During the first Republican presidential primary debate, Megyn Kelly questioned Trump about his treatment of women. During an interview with CNN after the debate, Trump said Kelly had “blood coming out of her eyes…blood coming out of her wherever.” Trump said he was referring to Kelly’s nose, but many others interpreted the comment as a sexist insult about the journalist’s period. And, during the campaign, a 1997 interview Trump gave to Howard Stern resurfaced where Stern asked Trump whether he’d seriously have sex with a woman who was menstruating, as if it was gross to do so. “Well, I’ve been there. I have been there Howard, as we all have,” Trump told Stern. “Well, sometimes you get there by mistake.”
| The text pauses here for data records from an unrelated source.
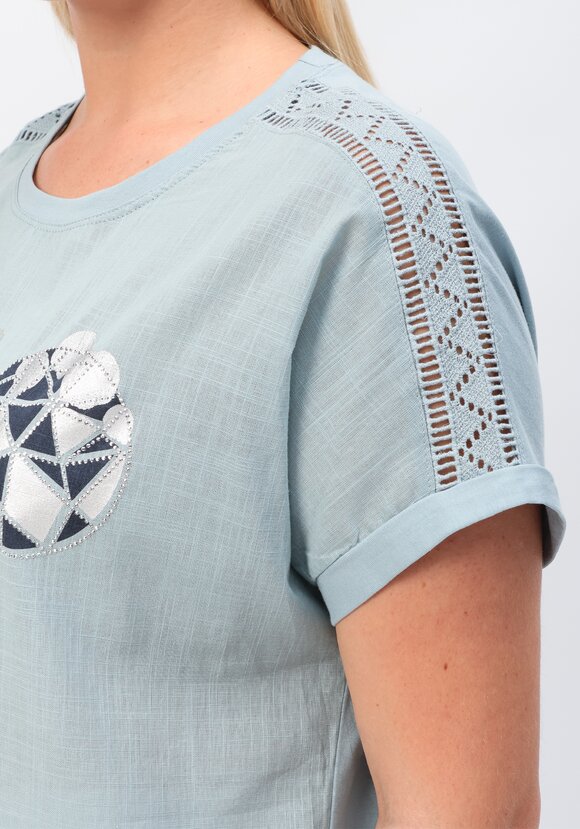 Блуза Делис шир.  580, рис. 22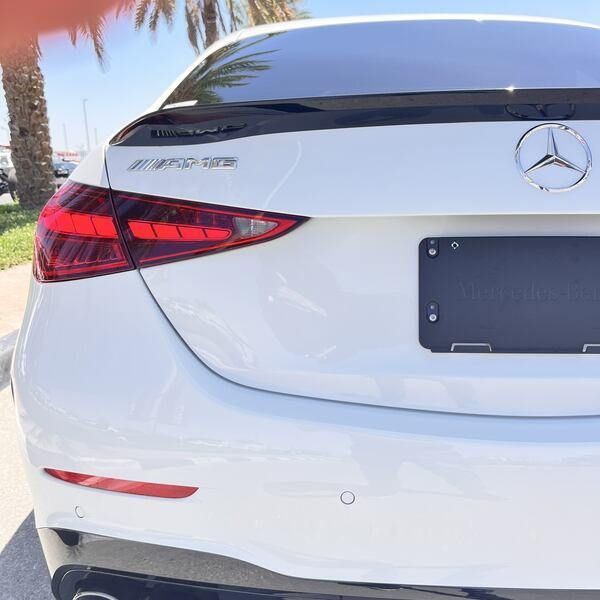 Used Mercedes-Benz C-Class AMG 43 AMG V (W206), 2.0 l, 2023 in Dubai by New NS Motors, White color. Japanese Specs | AUTO.AE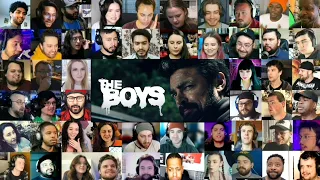 The Boys Season 3 (2022) -Teaser Trailer Reactions Mashup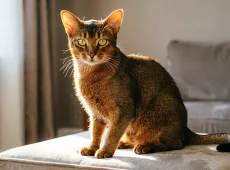 Абиссинская кошка в доме: 3 вещи, которые стоит знать будущему хозяину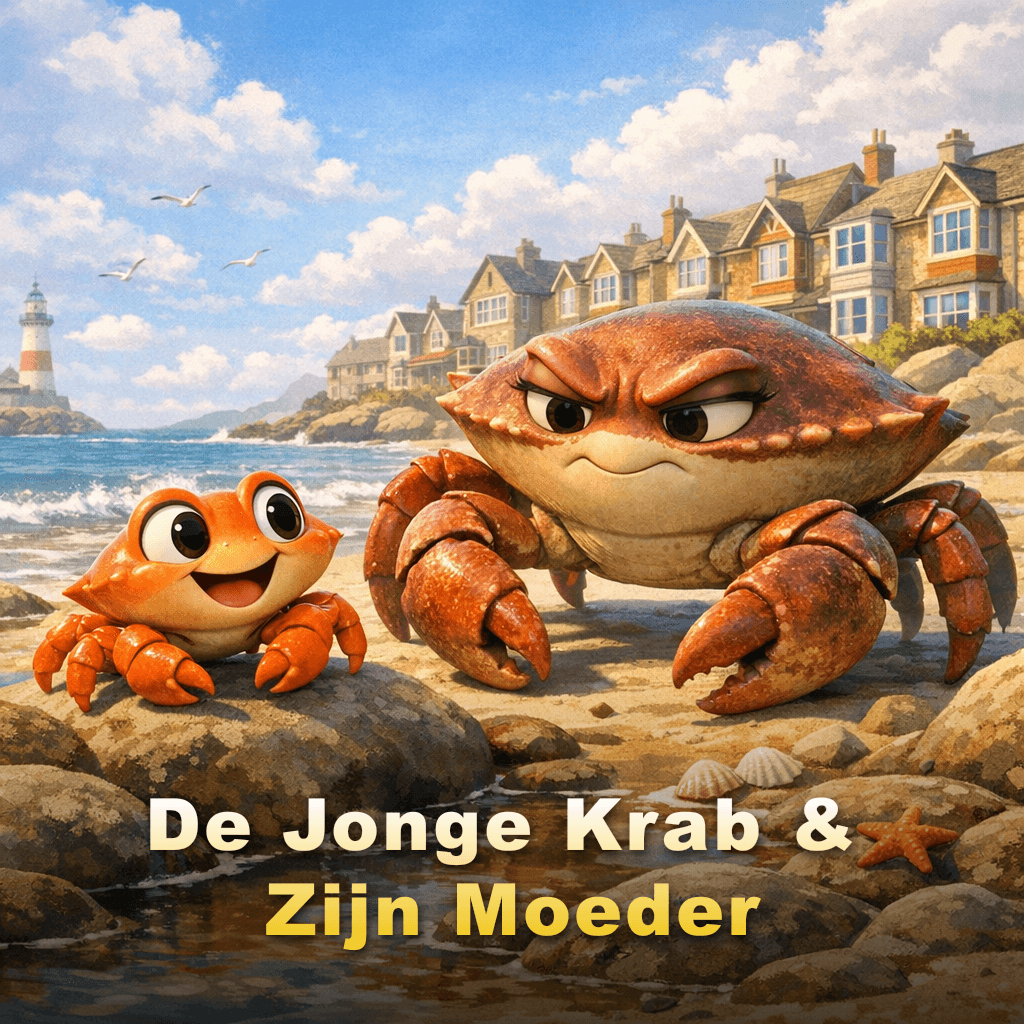 De Jonge Krab & Zijn Moeder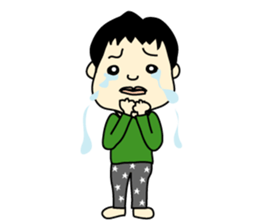 A son's captive sticker #2746139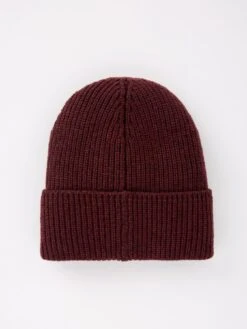 Calvin Klein Ribbed Knit Beanie Hat - Red -Barbou Clothing Shop VJNA9 SQ5 0000000017 RED SLd2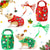 Escape-Proof Rabbit & Small Pet Harness Leash Set - Christmas Costume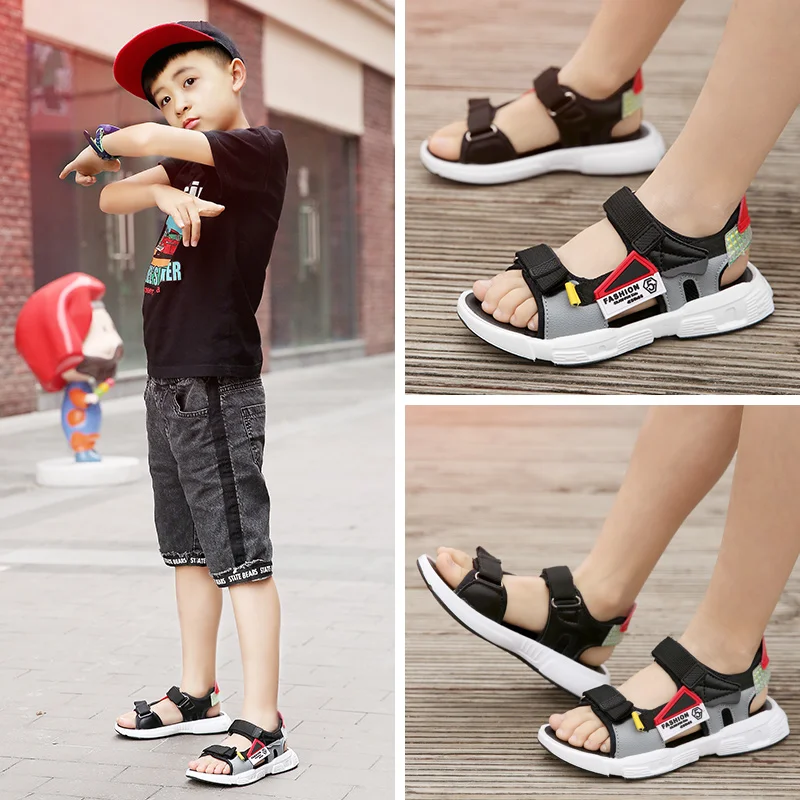 2021 Children fashion sport sandals Cuhk child  comfortable sandals summer new boy girls beach shoes kids casual sandals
Trump’s invocation of blood evokes a deep history of using menstruation against women. There’s the idea that women are moody, angry and irrational on their period, an archaic stereotype that some used to argue why women like Hillary Clinton shouldn’t be president. There’s the taboo that periods are somehow shameful, which has historically prevented women from working during their period and still causes girls in some parts of the world miss or drop out of school. And there’s the idea that menstruation is somehow disgusting and women are somehow uncouth during that time of the month.
“Women face an onslaught of negative imagery about menstruation, as the media implies that menstruation makes women ‘unclean,'” Breanne Fahs writes in Out for Blood: Essays on Menstruation and Resistance. “Even the phrase feminine hygiene, a relic from 1930s advertisements for birth control, connotes that women should construct menstrual blood as fundamentally dirty.”
The taboo around menstruation plays into a larger cultural stereotype that women’s bodies — including their hair, their fat and vaginal discharge — are somehow gross. And Trump has played into that idea on occasion as well. During a rally, he said it was “disgusting” his opponent Hillary Clinton used the bathroom during a debate. Attorney Elizabeth Beck claimed Trump used the word in 2011 to describe her breastfeeding. (Trump’s lawyer did not dispute that he used the word and the Trump Organization’s general counsel said Beck was “disgusting” for allegedly breastfeeding in the middle of the room, according to CNN.) In fact, “disgusting” is one of his choice insults toward women, as he’s thrown the word at former Miss USA Alicia Machado, Madonna and Rosie O’Donnell.
Trump has repeatedly said that he respects women. But in order to truly do that, President Trump needs to keep women, their faces and their bodies out of it.